Тревога моя усилилась, и я закричала:
– Не верю я тебе! Ты что-то скрываешь. Лучше скажи честно. Не надо меня успокаивать. Все равно ведь узнаю. Лучше от тебя, чем от кого-нибудь другого.
Однако Милка упорно стояла на своем. О Романе она ничего не выясняла, и никаких слухов до нее не доходило, а она лишь высказывает свою точку зрения.
В тот вечер мы впервые за многие годы нашей дружбы почти поссорились. У меня почему-то никак не получалось ей поверить. И впервые за долгое время разговор с ней не принес мне облегчения, а, наоборот, разбудил тревогу. Я вновь и вновь названивала Роману. Он продолжал оставаться недоступным, и тревога моя переросла в настоящую панику. Неужели я опоздала?
Дозвониться мне удалось только на следующий день.
– Роман, – едва услыхав его голос, начала я. – Большое спасибо за деньги.

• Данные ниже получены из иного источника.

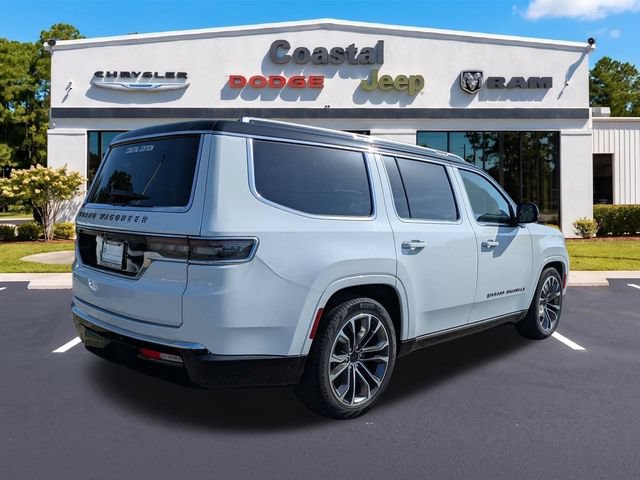 New 2025 Jeep Grand Wagoneer Series III w/ Rear Seat Video Group 1 AWD/4WD image 4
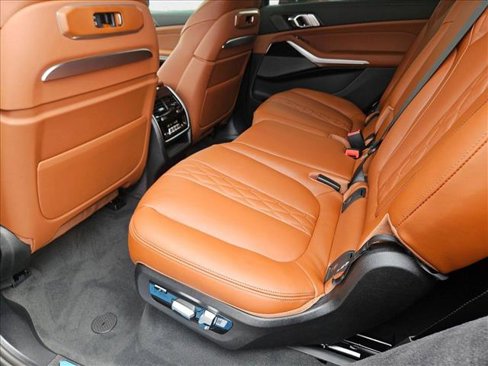 New 2026 BMW X7 M60i w/ Executive Package image 14
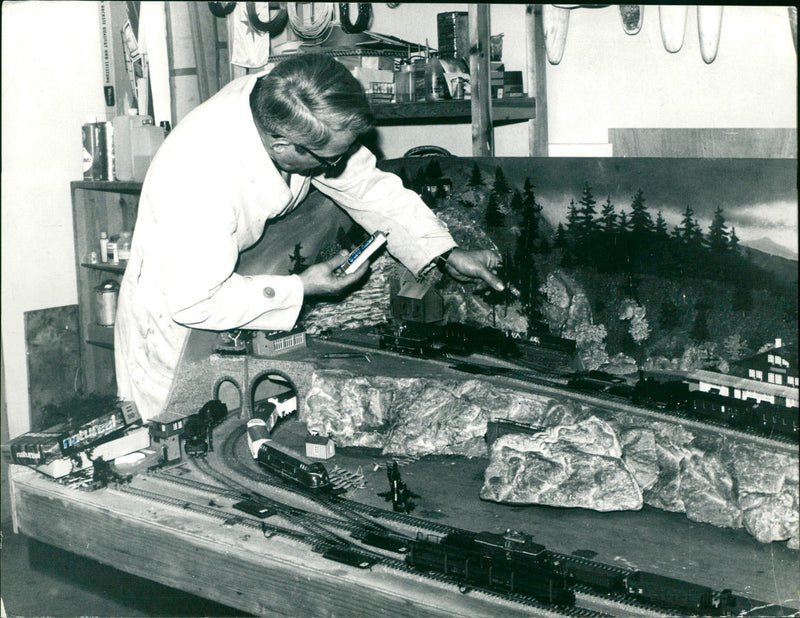 MOES MODEL BUILDING CASKS HAMBURGER BETRIEBSBANK TEL SECIMUM HAMBURG MARIA - Vintage Photograph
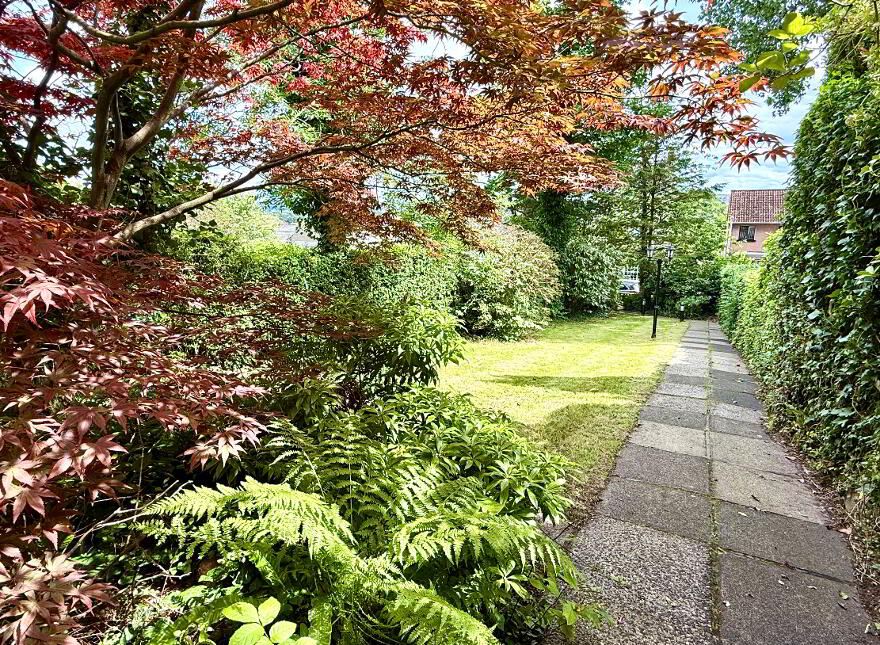 10 Deburgh Terrace, Derry, BT48 7LQ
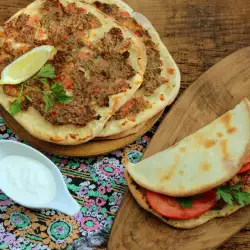 Лахмаджун - вкусна турска пица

– Не за что, – отозвался он вежливо, но сухо. – Теперь ты довольна?
– Ой, ну хватит, не обижайся. Погорячилась, наговорила глупостей.
– Совершенно не обижаюсь. Все в порядке. – Он говорил со мной как с чужой, словно мы были едва знакомы. Неужели так глубоко обиделся?
– Ой, Роман. И вообще дело не в деньгах. Я тут долго без тебя думала и поняла, как была не права.
Нет реакции. Выжидающее молчание в трубке, и только.
– Роман, как ты отнесешься к тому, что я все же к тебе приеду?
Молчание. Потом он закашлялся, явно выгадывал время, чтобы найти ответ.
– Знаешь, я теперь понял, что слишком поторопился, а ты во многом была права.
– Я была не права, – поспешила я заверить его. – Черт с ней, с этой Москвой. Главное, чтобы мы с тобой были вместе.
Хоть после этого мог бы обрадоваться. Как бы не так.
– Тут ситуация складывается не так просто, как мне оттуда казалось, – сказал он в ответ на мою пламенную речь. – С квартирой пока проблемы. Дом только достраивается, потом ремонт надо делать.
– Вот я приеду и займусь.
– Да я ведь пока у родителей поселился. А у них такая теснота...
– Ну давай пока в гостинице. Или снимем. Я московскую квартиру кому-нибудь пересдам и приеду.
– Не вздумай! – проявил он первую за весь наш разговор эмоцию. – Я точно знаю, хозяйка будет против. Юля, ты извини, пожалуйста, я не могу сейчас больше разговаривать.
Он отключился, оставив меня в полнейшем недоумении. Я ждала от Романа чего угодно – упреков, обиды, грубости, наконец, – но только не этого холодного равнодушия. До такой степени оскорблен, что не готов сразу простить? Но ведь нас связывают пять прожитых вместе лет. Нельзя же из-за одной моей глупости выкинуть их псу под хвост. Да и чем я так уж перед ним виновата? Я ведь ему не изменила. Ну да, испугалась. Но и он тоже хорош. Решил вдруг разом все наши планы перевернуть вверх тормашками. Главное, теперь-то ему что не нравится? Я готова все бросить и приехать, а он мне в ответ твердит какие-то глупости, что жить негде. Жилье, если деньги есть, даже в Москве найти не проблема, а уж в Краснодаре подавно. И главное, никакой радости. Словно я ему навязываюсь. Или характер показывает? Проучить меня решил? Вполне в мужском духе. У них это, кажется, называется «чтобы ей дальше неповадно было». Если так, надо перетерпеть. Вот перезвонит, буду с ним поласковее. Я же знаю его: он долго дуться не умеет.